Während er zunächst in eigenen Gruppen mit Anthony Davis oder Billy Hart den Avantgarde Jazz weiter auslotete, wendete er sich Anfang der 1980er auch der Traditionspflege zu. Er ist wahrscheinlich der erste experimentelle Jazzer seiner Generation, der mit „Destiny’s Dance“ ein Album nur mit Standards vorlegte. Passend zum Album „Tradition in Transition“ (1982) kleidete er sich und seine Tournee-Band in einheitliche Anzüge ein. Sowohl mit eigenen Gruppen als auch mit Jack DeJohnettes Special Edition und mit McCoy Tyner bespielte er große amerikanische und europäische Festivals.
1984 gründete er mit Famoudou Don Moye die All Star-Formation The Leaders, dem außer ihm Arthur Blythe, Lester Bowie, Kirk Lightsey, Cecil McBee und anfangs Don Cherry und Don Pullen angehörten. Daneben arbeitete er weiterhin mit seinem Vater sowie eigenen Gruppen; neben akustischen Gruppen leitete er mit Brainstorm auch eine Electric Band.
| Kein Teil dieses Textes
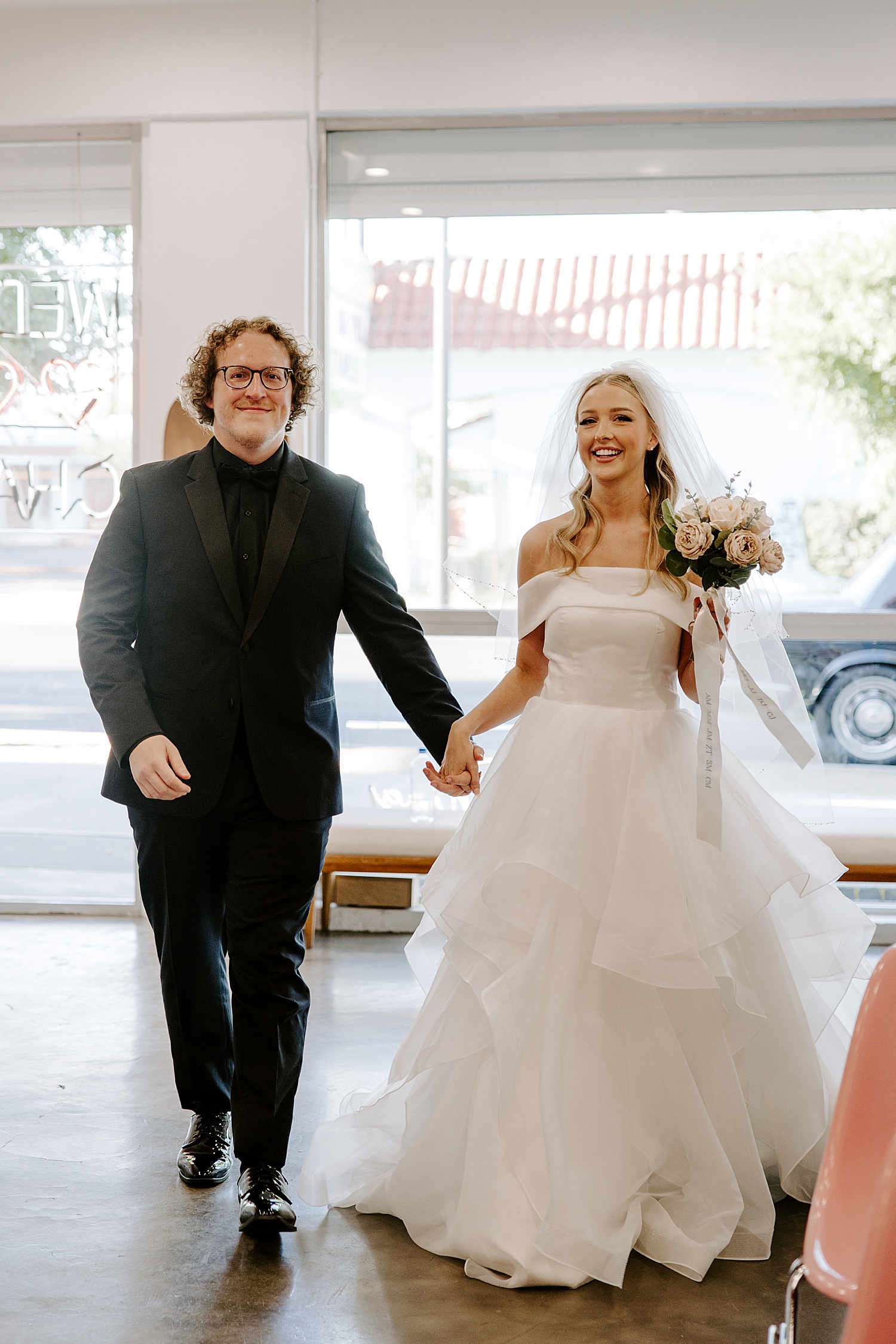 blonde woman in white dress walks with man in black suit by Katelyn Faye Photography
An seinen jüngeren Einspielungen sind auch Mal Waldron oder Dianne Reeves beteiligt. Er spielte regelmäßig mit dem Reto Weber Percussion Orchestra und weiteren Gästen wie Albert Mangelsdorff („The Wake Keeping“, 1996) oder Franco Ambrosetti („Face to Face“, 2001). Daneben wirkte er auch an Einspielungen von Tito Puente, Machito, Ray Barretto, Lester Bowie oder Kip Hanrahan mit.
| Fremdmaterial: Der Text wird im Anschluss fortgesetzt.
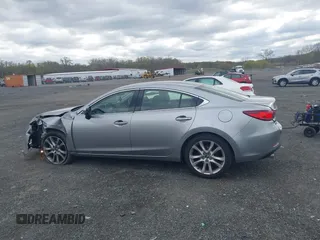 2014 Mazda 6 i Touring with VIN JM1GJ1V64E1147549, listed as a IAAI auction lot 42041025 with 124,400 mi miles and . Bid and sale history available at DreamBid. Image 14.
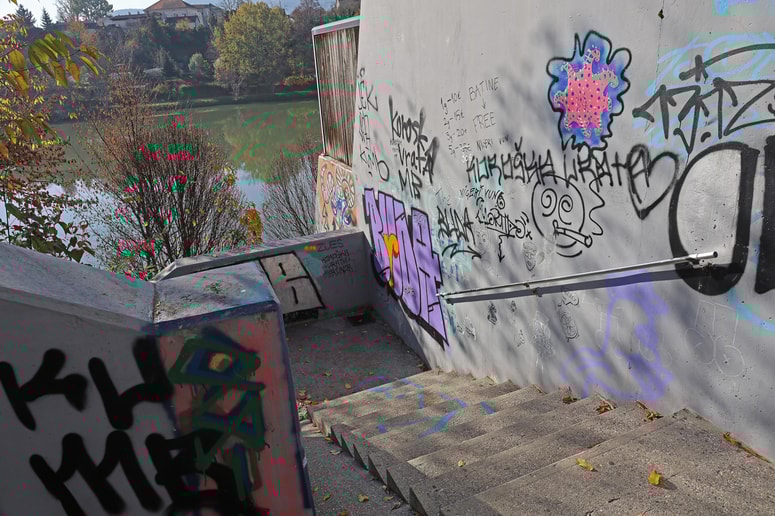 Na stopnišču, ki povezuje pešpot ob Dravi z bloki na Koroški cesti, je veliko grafitov.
Ab den 2000er-Jahren arbeitete Freeman weiterhin mit Musikern wie Franco Ambrosetti (Face to Face), Idris Ackamoor (Homage To Cuba, 2004), Avery Sharpe, Fritz Pauer (The Essence of Silence, 2010), Caryl Baker und seinem Bruder, dem Gitarristen George Freeman (All in the Family, 2015). Im Bereich des Jazz war er laut Tom Lord zwischen 1975 und 2015 an 105 Aufnahmesessions beteiligt.[1]
Diskografie (Auswahl)
- 1976 Morning Prayer (Whynot/India Navigation) mit Henry Threadgill, Muhal Richard Abrams und Cecil McBee
- 1977 Chico (India Navigation)
- 1977 Beyond the Rain (Contemporary) mit Hilton Ruiz und Elvin Jones
- 1978 Kings of Mali, The Outside Within und Spirit Sensitive (India Navigation) mit Jack DeJohnette u. a.
- 1979 Spirit Sensitive (India Navigation)
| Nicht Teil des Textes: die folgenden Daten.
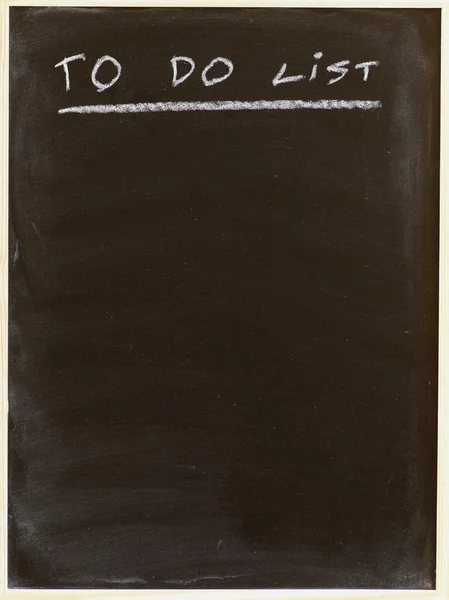 List on blackboard — Stock Photo, Image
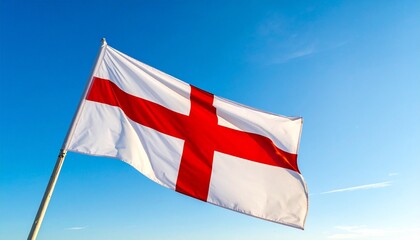 England’s national flag with red Cross of Saint George on white field flying against clear blue sky—bold, minimal design evokes national identity, heritage, and historical symbolism.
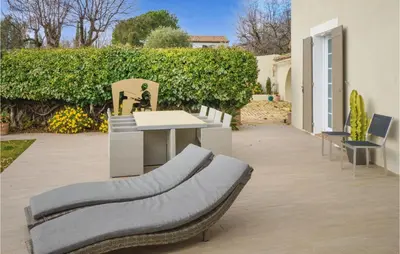 a patio with chairs and a table and a fence at Awesome Home In La Gaude With Kitchen in La Gaude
- 1979 No Time Left (Black Saint) mit Jay Hoggard und Don Moye
- 1980 Peaceful Heart, Gentle Spirit (Contemporary) mit James Newton, Kenny Kirkland
- 1981 Freeman & Freeman (India Navigation) mit Von Freeman
- 1981 Destiny’s Dance (Contemporary) mit Wynton Marsalis, Bobby Hutcherson
- 1981 The Outside Within (India Navigation)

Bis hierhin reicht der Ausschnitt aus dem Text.